Note that you cannot, for example, say anything more about the plane than that it exists, and that $a$ and $b$ are contained in the plane, since there is nothing else to compare it to. So this is indeed all the information available to you, unless more geometric objects (vectors, bivectors, $k$-blades etc) are given for reference.
So to you specific problem: you have two vectors $a$ and $b$, and a third one is known to be related to them by $c = a + b$. So here you have the same pieces of information that can be extracted from $a$ and $b$ as in the previous example, and in addition the relation that fixes $c$ in terms of $a$ and $b$. So you have to measure/assume known/somehow gain access to three independent pieces of information, for example $|a|, |b|$ and $\theta_{ab}$ (or just as well $a \cdot b$ directly) in order to define your system.
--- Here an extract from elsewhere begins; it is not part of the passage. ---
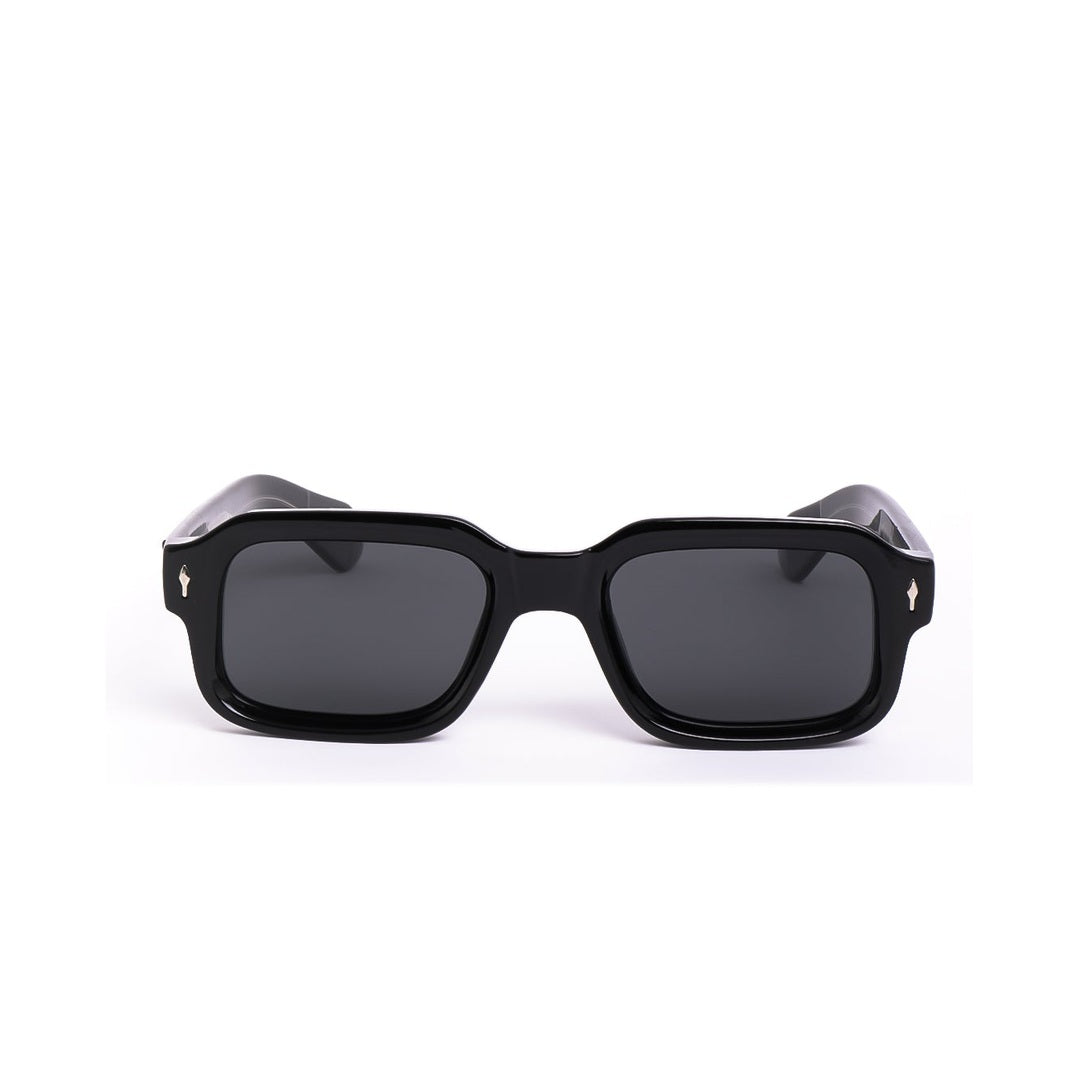 Lentes de sol LOU de Solivo, diseño moderno y elegante en color negro, vista frontal con lentes polarizados que ofrecen protección UV400.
Once that is done, you can indeed relate the number $c^2 = a^2 + b^2 + 2 a\cdot b$ to the information you have.
Notice that the result you get in components, $a\cdot b = \alpha \gamma + \beta \delta$ does not provide you any more information, as the components $\alpha, \gamma, \beta, \delta$ are completely arbitrary up to the constraints described above. Simply ask yourself this: if you are again that formless blob with a ruler, how do you use that result of yours to arrive at the value of $a\cdot b$? Will you end up essentially measuring $a\cdot b$ anyway while doing that?
There are two points to take out of this:


*

*using geometric algebra, you can relate any quantity (quantity not being limited to scalars here) that is defined independently of coordinates to any other quantity that is defined independently of coordinates, if you have enough relations to fix them.

*There is a common illusion that when you write something down in general coordinates, you have in some sense solved the problem more thoroughly than when you simply state the maximal number of invariant relations between the given quantities and the result. This is however just an illusion.

A: You have vector $a, b, c$, and the squared length $a^2, b^2, c^2$. Now if we add the relationship $$ c = a  + b$$, we can define $$ 2a\cdot b = c^2 - a^2 - b^2$$.
Note the logic flow is from $c^2$ to $a \cdot b$, not from $a\cdot b$ to $c^2$. In this sense, the inner product is index free.